> **Exercise**:
The copy must run from the line containing "- Luce bianca calda o fredda" through the final line of the records, both included, exactly as written. It should contain no pictures.

○ ○ ○ ○ ○

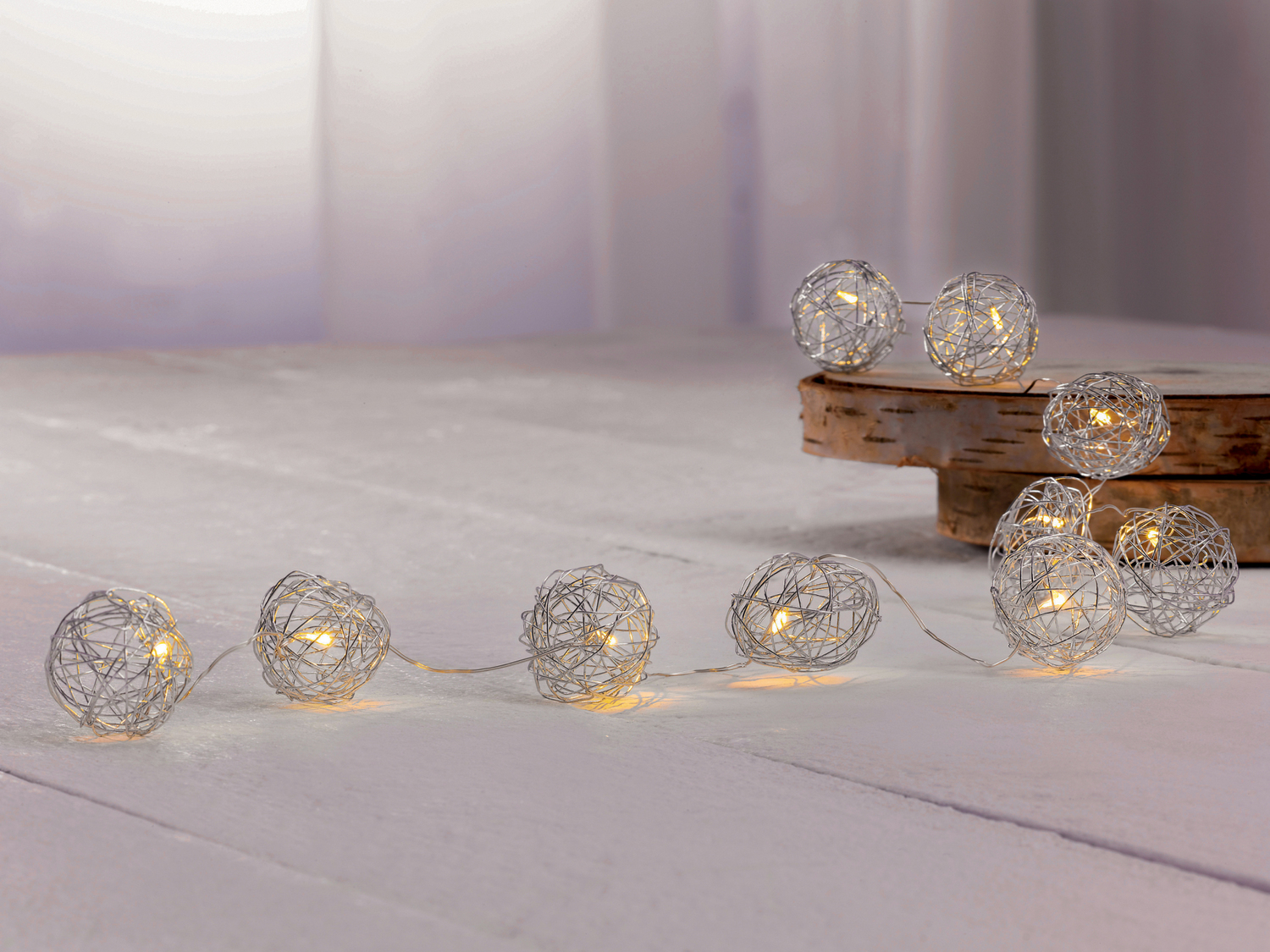 Decorazione natalizia a LED Melinera, prezzo 3.99 €
- Luce bianca calda o fredda
- ...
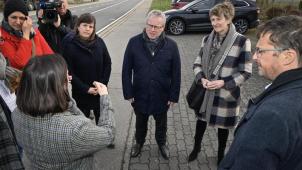 <p>Am 22. März hatte der wallonische Mobilitätsminister Philippe Henry (Ecolo) sich vor Ort ein Bild vom Verkehr auf der N 62 gemacht.</p>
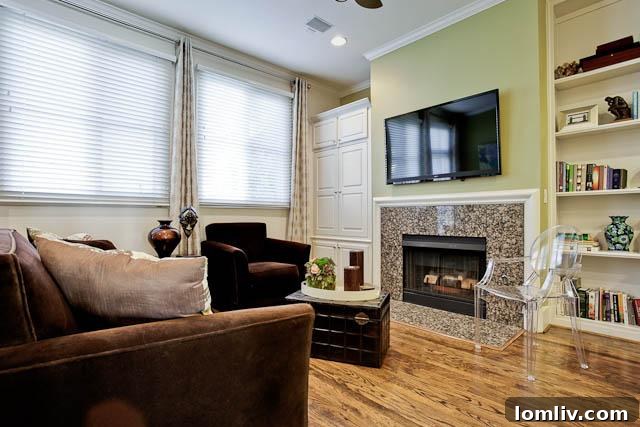 2805 Thomas Avenue - Cozy Family Room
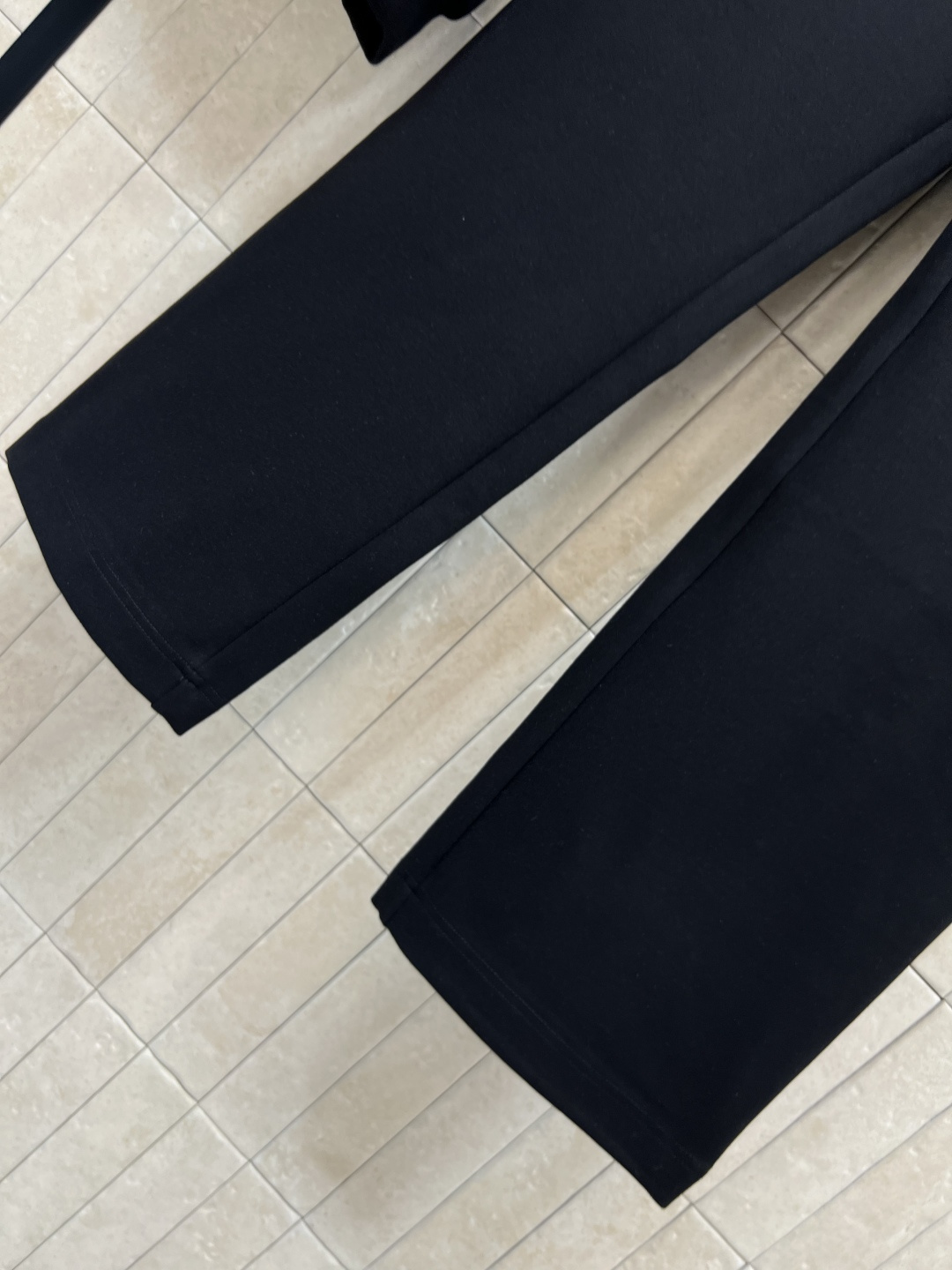 FD家 25早秋新款 连帽两面穿运动外套+高腰阔腿长裤  连帽纯色卫衣外套充满青春活力气息  两侧插兜点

○ ○ ○ ○ ○

> **Expected output**:
- Luce bianca calda o fredda
- ...
 <p>Am 22. März hatte der wallonische Mobilitätsminister Philippe Henry (Ecolo) sich vor Ort ein Bild vom Verkehr auf der N 62 gemacht.</p>
 2805 Thomas Avenue - Cozy Family Room
 FD家 25早秋新款 连帽两面穿运动外套+高腰阔腿长裤  连帽纯色卫衣外套充满青春活力气息  两侧插兜点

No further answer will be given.